Circe was recommended by a friend and trusted teacher: it is a great read and a feminist experience. In the spirit of Carol Ann Duffy, it retells classical Grecian narrative from a relatively sidelined female figure, Circe. Like I’ve said in previous reviews, people love the retelling of classical mythology, especially in this fractured age. It is a connection to our past often denied. Miller not only employs her Classical education with a subtle touch, but she weaves it in a spirit that I believe would resound with the American spirit, if not most of the West.

Of some side interest at this point, Circe is apparently pronounced the Grecian ‘Kirk-kay’. Of course, a pronunciation of more contemporary expectation would be ‘Sir-Say’, alluding to the morally grey/certainly malicious Cersei Lannister. This allusion is potent, at least for me.

The seminal event in the opening is the meeting between Prometheus, perhaps the most famous (and damned) of the Titans, and Circe, an underloved daughter and nymph of the sun God Helios. Witnessing the torture of Prometheus resolves Circe to rebel against the constraints of her family, and therefore against the expectations or interests of others. She conforms and judiciously submits to the role of a mother, but her desire for independence felt really very Western to me.

The skill of Miller’s story, however, is to make a morally grey protagonist both attractive and believable. At her heart, Circe wants to be good in the face of surviving in a desperately competitive world.

Circe’s beguiling power is her magic, a cunning talent that overcomes her weakness of position and power. Her abilities to transform others into beasts both mundane and monstrous terrifies us, yet she uses her powers as a response to abuse. As a contemporary aside, what has been seen to undermine some feminist campaigning is that female interests and concerns can sometimes risk becoming class-specific: the MeToo campaign resonated widely not just because it depicted casual abuse of women accepted in society, but that powerful women were unable to resist abuse (or at least could only do so at destructive cost). Circe’s attack on her foes, therefore, feels particularly just and grievously righteously in these circumstances, for me at least.

Despite her boisterous defiance, Circe’s submission into motherhood is Miller’s greatest triumph.

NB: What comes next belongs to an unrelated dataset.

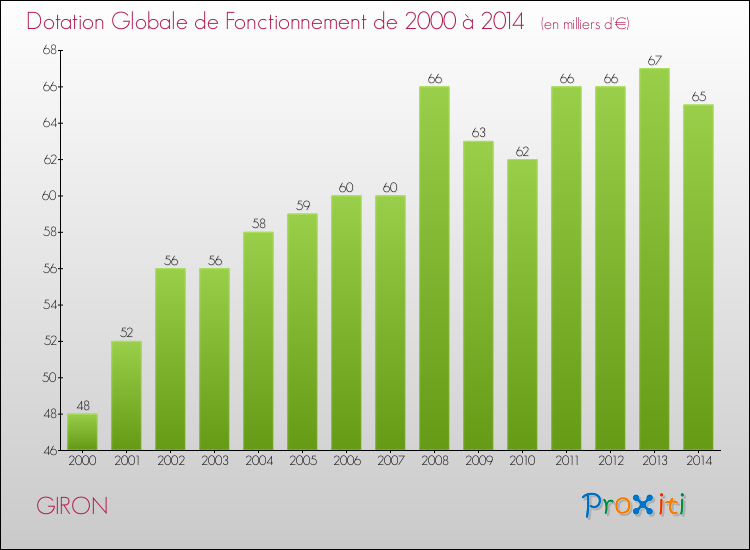 Evolution du montant de la Dotation Globale de Fonctionnement pour la commune de GIRON de 2000 à 2014 Evolution du montant de la Dotation Globale de Fonctionnement pour GIRON de 2000 à 2014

The pain of love for her child (that she would flay her skin! Shades of Prometheus again…) makes her distinctly human. That the last 3/5ths of the text involve her being in exile, such inner experience is well-paced and is particularly daring considering that Grecian myths are framed in action. In doing so, Circe actualises herself, and becomes wise and estimable having been once so naïve and runtish.

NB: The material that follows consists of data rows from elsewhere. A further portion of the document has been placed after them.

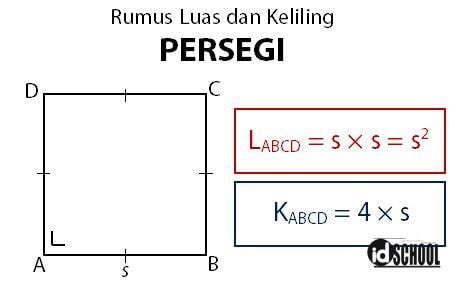 Rumus Luas Dan Keliling Persegi Panjang Beserta Contoh Soalnya - Riset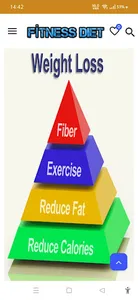 FITNESS DIET screenshot 14
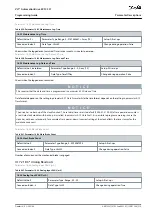 Preview for 319 page of Danfoss VLT AutomationDrive EZ FC 321 Programming Manual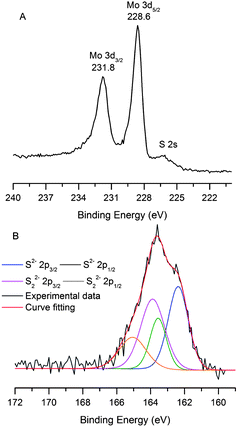 
            XPS spectra of MoS3-CV film on a FTO coated glass. (A) Mo 3d and S 1s region. (B) S 2p region.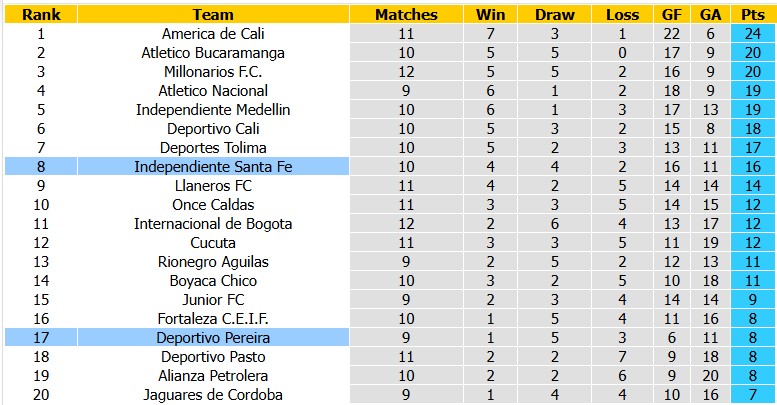 Nhận định, soi kèo Deportivo Pereira vs Independiente, 3h30 ngày 30/9: Chủ nhà có điểm - Ảnh 4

In the face of human attempts at dignity, Miller captures particularly well a sense of what the Greek Gods could be like: capricious and wanton. Needing to be pampered, requiring reassurance, almost all the Gods represent the worst excesses of the civilized consciousness. It is their comparison to Circe that remains with me the most.

Another point of contemporary interest in Greek mythology is the expectation that the hero would die. It is a current Western ideal that the hero is rewarded for their bravery with personal improvement and lasting position. The Greeks, however, would require great personal sacrifice, and often death, if someone wished to seek success or position outside their station. Odysseus is a man who seeks both, and yet has rank. He is a deeply interesting character, and his actions and events interplay classical and contemporary expectations. I like that he had shorts legs, as well.

I was left with some big questions on finishing this book. To what extent is morality human? How civilizing is civilization? Does the fact that one day we will end give us our greatest meaning? Within these cosmological questions sits a story of love, of kindness and power battling the urge for survival and revenge. A very good book, and an author to whom I will surely return.